The South African government will play a critical role next week in ensuring the conservation of whales, dolphins and porpoises.
Government representatives say they will support a controversial proposal at the highly charged yearly meeting of the International Whaling Commission (IWC) to strengthen the group’s conservation mandate. The IWC is the global forum that regulates whaling issues.
Dubbed the ”Berlin Initiative”, the new proposal has been the subject of energetic lobbying in past weeks. South Africa will join 20 other countries — including Australia, the United Kingdom, the United States and Kenya — that have already come out in support of the initiative. More than 30 conservation groups worldwide are lobbying in its favour.
The Berlin Initiative proposes to recognise the conservation role of the IWC by establishing a conservation committee and an environmental research fund. Supporters say this is essential to safeguard cetaceans for future generations, considering the increasingly complex array of threats they face — ranging from noise pollution to climate change and over-fishing.
The supporters will be pitted against whaling nations such as Japan, Norway and Iceland — as well as a host of countries that support them — when the global forum gets down to business in Berlin on Monday June 16.
Horst Kleinschmidt, director of Marine and Coastal Management in the Department of Environmental Affairs and Tourism, will head the South African delegation at the
meeting.
”We will listen to the debate, but will support the Berlin Initiative. No conditions will be attached to our support,” says departmental spokesperson Maryke Brand.

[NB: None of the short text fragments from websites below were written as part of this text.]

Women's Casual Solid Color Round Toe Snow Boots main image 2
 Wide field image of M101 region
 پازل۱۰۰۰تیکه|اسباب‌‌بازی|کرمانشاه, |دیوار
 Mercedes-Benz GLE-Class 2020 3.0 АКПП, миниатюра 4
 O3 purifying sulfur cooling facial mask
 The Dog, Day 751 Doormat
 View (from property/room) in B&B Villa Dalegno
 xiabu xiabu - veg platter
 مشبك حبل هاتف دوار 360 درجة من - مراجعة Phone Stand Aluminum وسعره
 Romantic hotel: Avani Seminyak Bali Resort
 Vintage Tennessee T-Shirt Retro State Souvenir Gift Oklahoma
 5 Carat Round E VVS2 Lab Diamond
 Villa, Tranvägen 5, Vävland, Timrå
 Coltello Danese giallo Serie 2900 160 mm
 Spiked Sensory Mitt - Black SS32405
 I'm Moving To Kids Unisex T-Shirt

The Berlin Initiative could break a stalemate between pro- and anti-whaling nations that has paralysed the IWC for the past decade. The conservation committee would have decision-making powers and would play an active role in conserving sea creatures.
One of the lead NGOs behind the Berlin Initiative is the International Fund for Animal Welfare. Its local director, Jason Bell-Leask, says the South African government’s support is crucial because the IWC is usually split down the middle. ”At the IWC, every vote counts,” he says. ”The whaling countries publicly express concern about the endangered status of some populations and species, but they are expected to vote against the proposal.”
South Africa has a global reputation for promoting whale conservation and whale-based tourism, though it has not played an active role in the IWC in recent years.
The IWC imposed a global ban on commercial whaling in 1986, but Norway has defied the ban since 1993 and Japan hunts whales for ”scientific” purposes. Last year Iceland also applied to hunt whales for ”research”.
Opponents of the initiative warn that it ”risks bringing the IWC to its knees” because the conservation committee could be unduly influenced by outside organisations and individuals that finance its activities.
”Power follows money,” says Eugene Lapointe, director of the pro-whaling
international organisation IWMC-World Conservation Trust. ”The danger is that the unelected financial power brokers of this new committee will use their newly granted muscle effectively to run the IWC.”
Lapointe urges countries that support the Berlin Initiative ”to build safeguards into their proposal to ensure that, if passed, there is no abuse of power”.